PUBLIC SERVICE pay cuts are not inevitable, Labour leader Eamon Gilmore has said, pointing out that the “so-called” pension levy had already constituted a reduction in wages and salaries.
“I don’t accept that they’re inevitable,” he told RTÉ’s Morning Ireland programme yesterday.
“First of all, because there already has been a pay cut for people who are working in public service organisations: it was the so-called pension levy. That was a pay cut.”
Asked if he accepted that public expenditure savings of €4 billion would have to be made, he replied: “I don’t accept the €4 billion figure. The question that has to be addressed [is] what happens if you take €4 billion out of the economy.
“There’s been a huge chunk of money taken out of the economy already this year. We see the consequences of that: walk down any street in Ireland.

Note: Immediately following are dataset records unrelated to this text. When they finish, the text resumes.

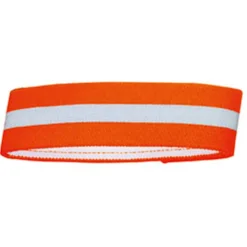 Hunter Warnband mit Klettverschluss XL reflekt.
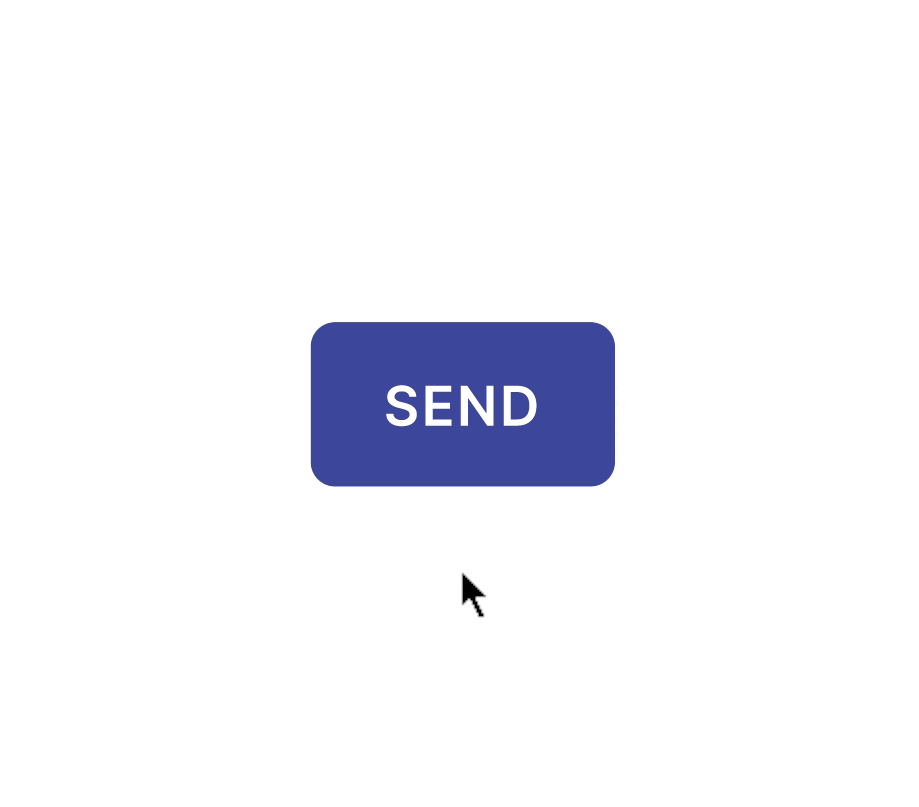 Send Button (Microinteraction) animation button design figma microinteraction motion graphics ui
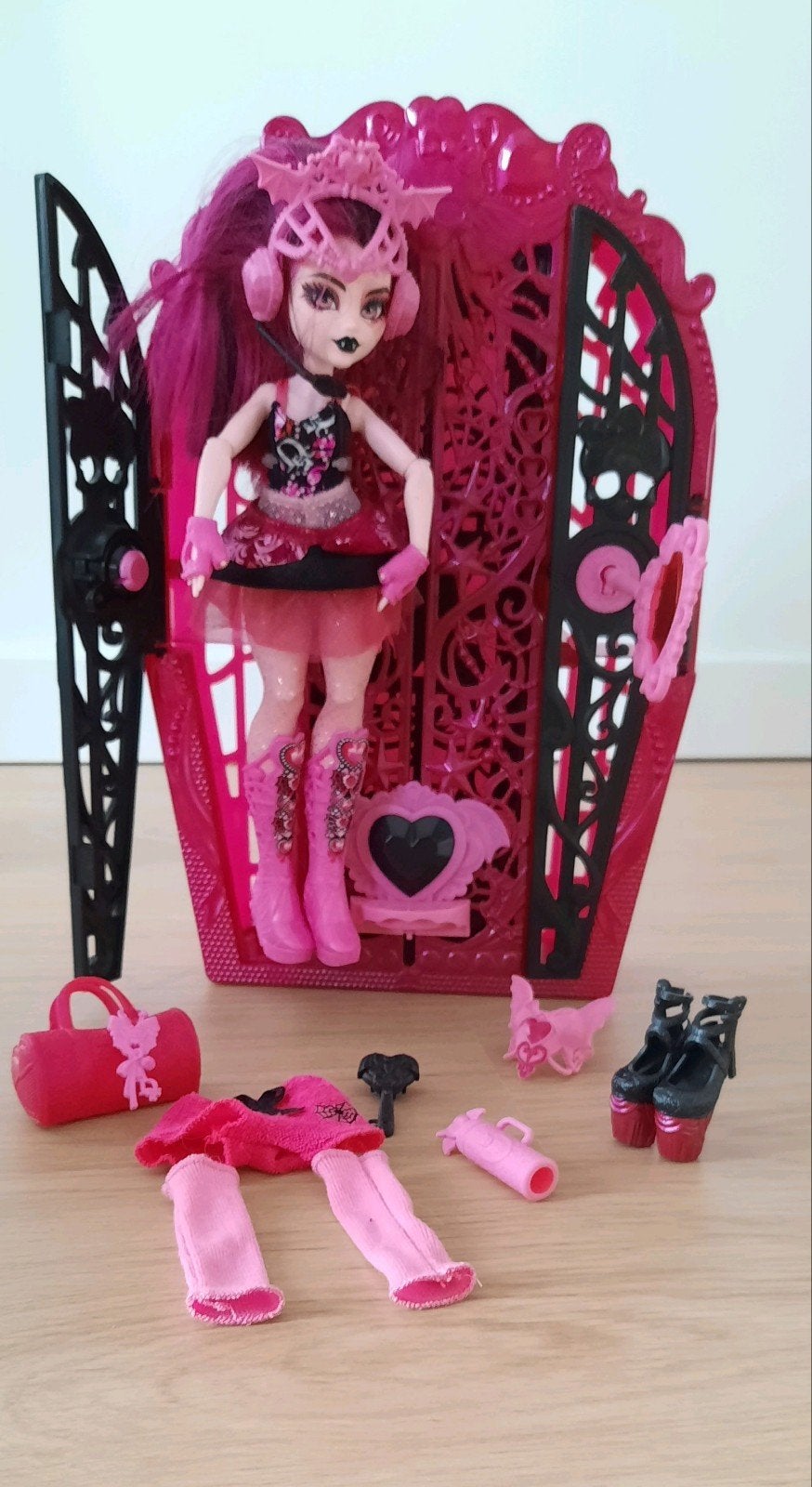 Monster High Skulltimates Secrets 4 Draculaura, Kinderen en Baby's, Speelgoed | Poppen, Ophalen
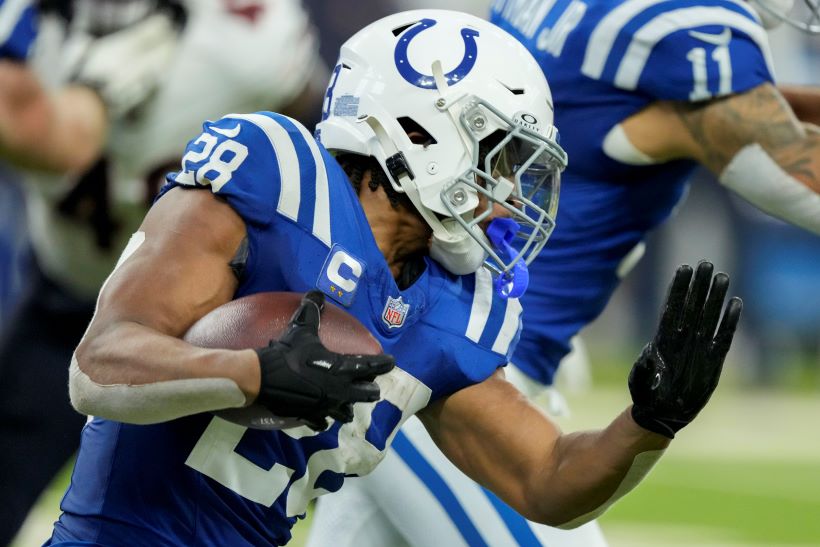 Jonathan Taylor (ankle) will miss his second-straight game for the Colts in Week 6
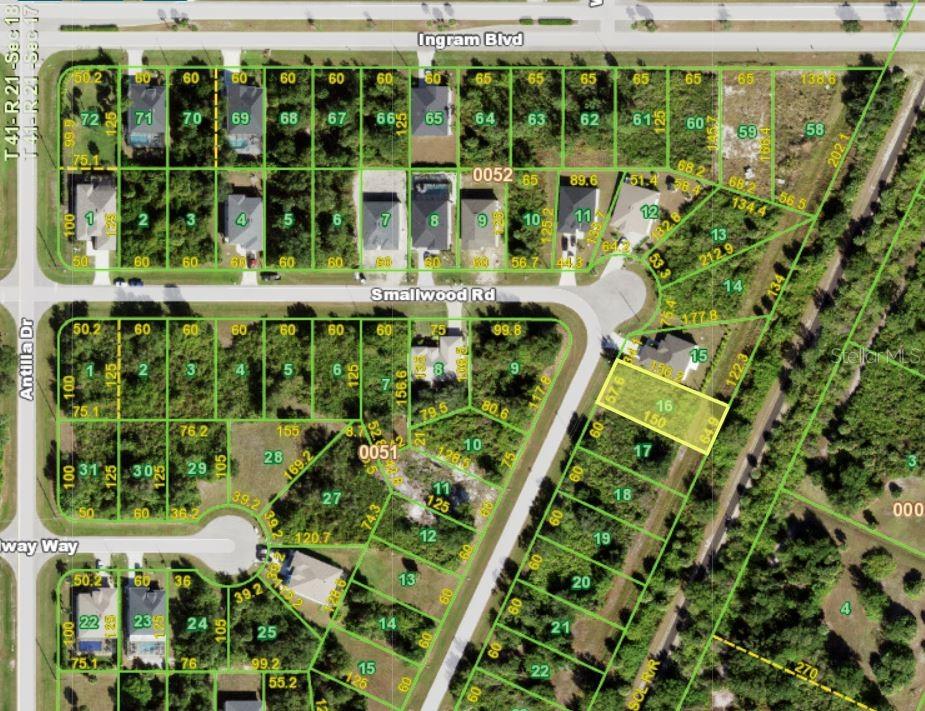 128 SMALLWOOD ROAD, Rotonda West, FL 33947
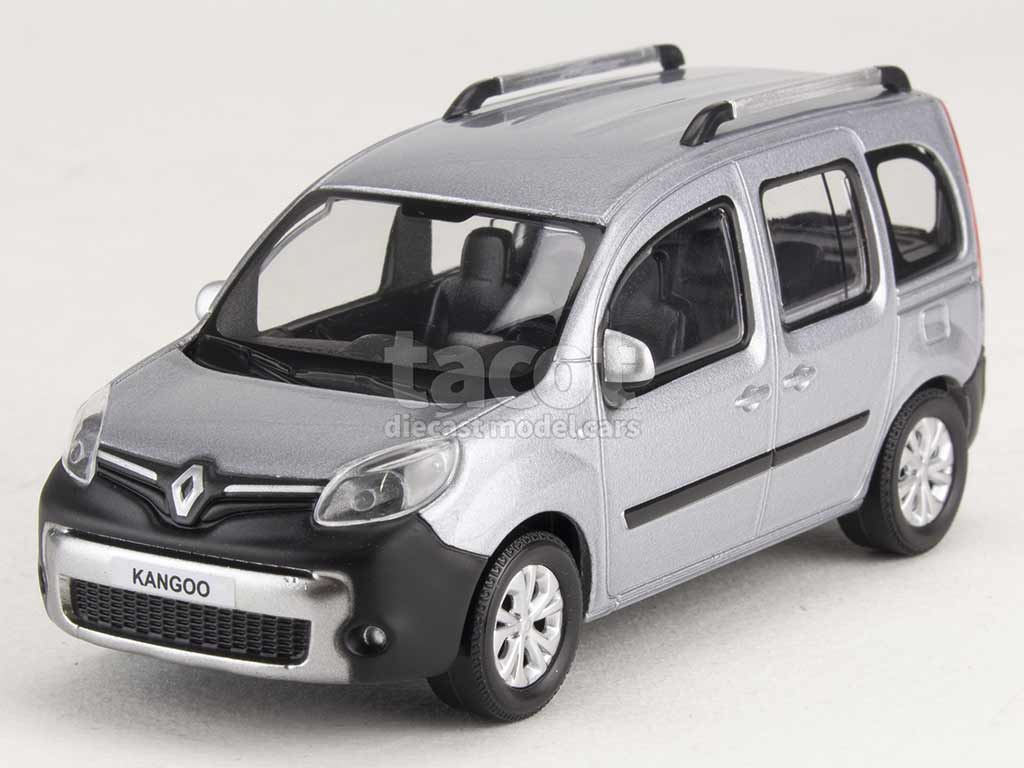 Norev – Modellino Renault Kangoo Street 2013 In Scala 1:43 – Colore Argento – Die-Cast Metallo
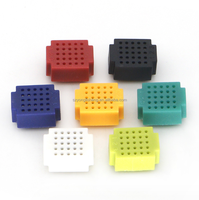7 pièces/1 ensemble ZY-25 ZY25 Mini Platine d'expérimentation sans soudure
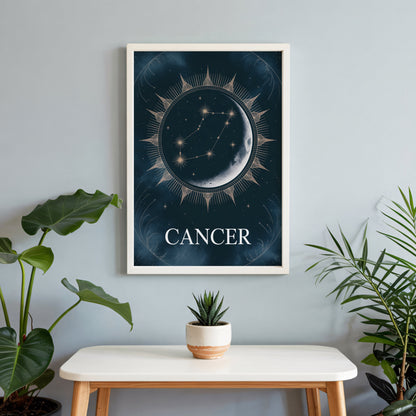 Aisle29 Print Cancer Edge Wall Art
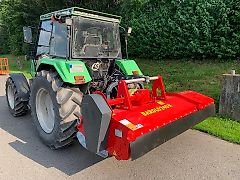 Omarv Schlegelmulcher Mulcher Mulchgerät Mäher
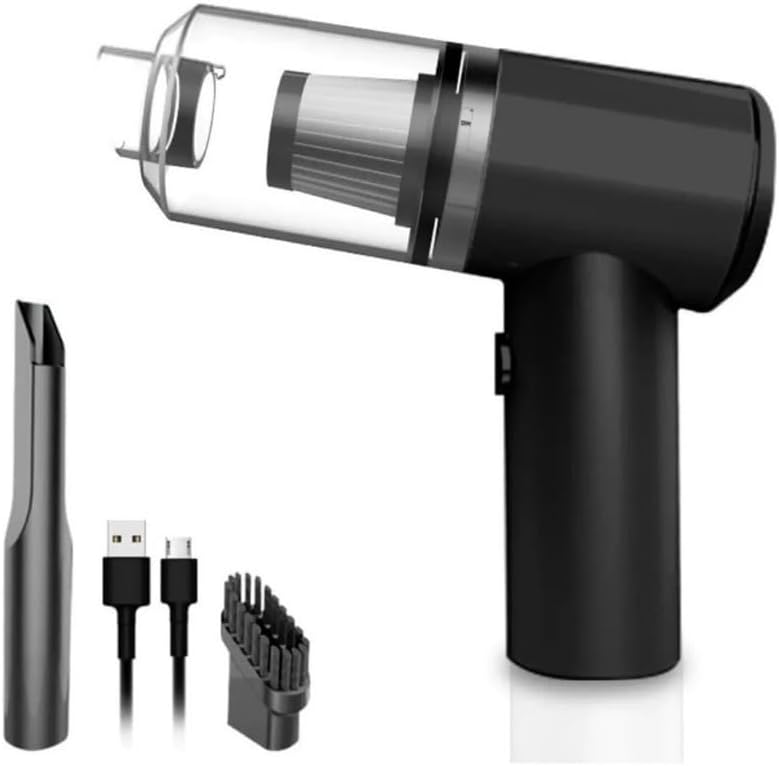 Mini Aspirador de Pó Elétrico Portátil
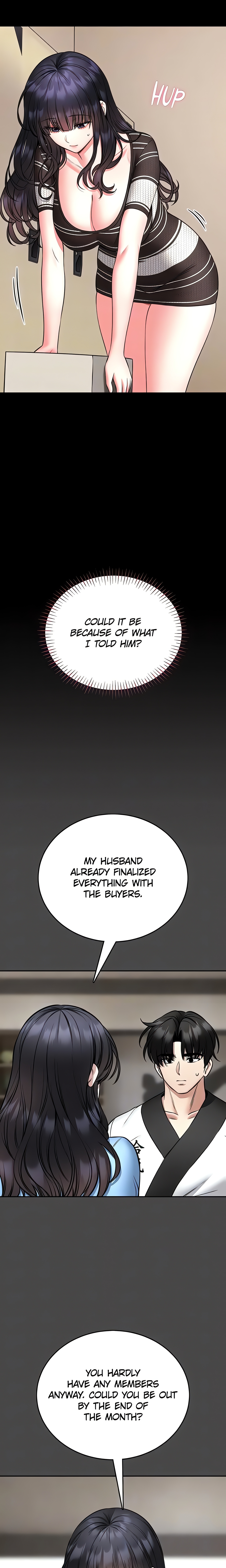 Self-Defense Lesson (Official) chapter 25 page 8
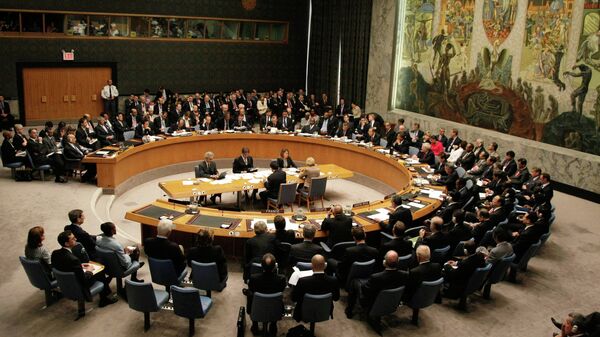 El Consejo de Seguridad de la ONU (archivo) - Sputnik Mundo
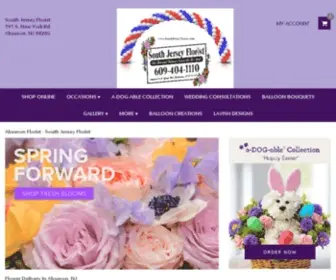 SouthJerseyflorist.com(Galloway Florist) Screenshot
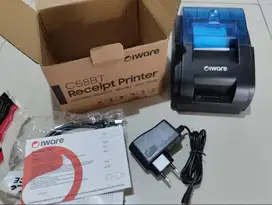 Printer Thermal USB Bluetooth IWare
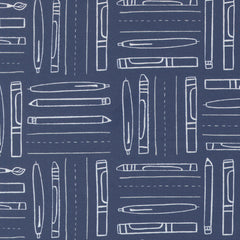 For My Boys - Henry Pens in Navy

“There’s nobody going into the shops, there’s no spend. Because there’s no spend, there’s no sales taxes coming in.” The question of whether €4 billion was the correct figure was “something that the Labour Party is looking at”. The Government still had not given a date for the budget.
Reiterating that he was saying no to public sector pay cuts, Mr Gilmore continued: “We’ve already said there are areas where economies could be achieved in the public service pay budget.
“One of those is at the top end, and we have proposed that there should be a cap on salaries at the top end and we have said what that cap should be. Secondly, we have argued, in terms of equity as much as anything else, that there should be a third taxation band and it should apply to earnings of over €100,000.
“We are already saying quite clearly, let me be clear about this, there has already been a cut in pay for people who work in the public services, that people who are on low and middle incomes are not in a position to bear further pay cuts.”
Meanwhile, Siptu president Jack O’Connor said strike action by public servants against pay cuts in the budget was now inevitable as it was “the same old story” whereby the sacrifices were made by working people.
The Irish Congress of Trade Unions executive is to meet tomorrow on the situation. Ictu general secretary David Begg said it was not just a question of the banking system.
“It is the other questions like unemployment and like the general social consequences of cutbacks and of a slash and burn policy that might be introduced in the budget. It is something which needs a holistic and integrated response,” Mr Begg told RTÉ News.
Public sector union Impact has begun balloting its 55,000 members on industrial action. Its deputy general secretary, Shay Cody, said his union had its own proposals for dealing with the economic crisis, “but it’s not going to be on the basis of compulsory job losses or cuts in people’s pay”.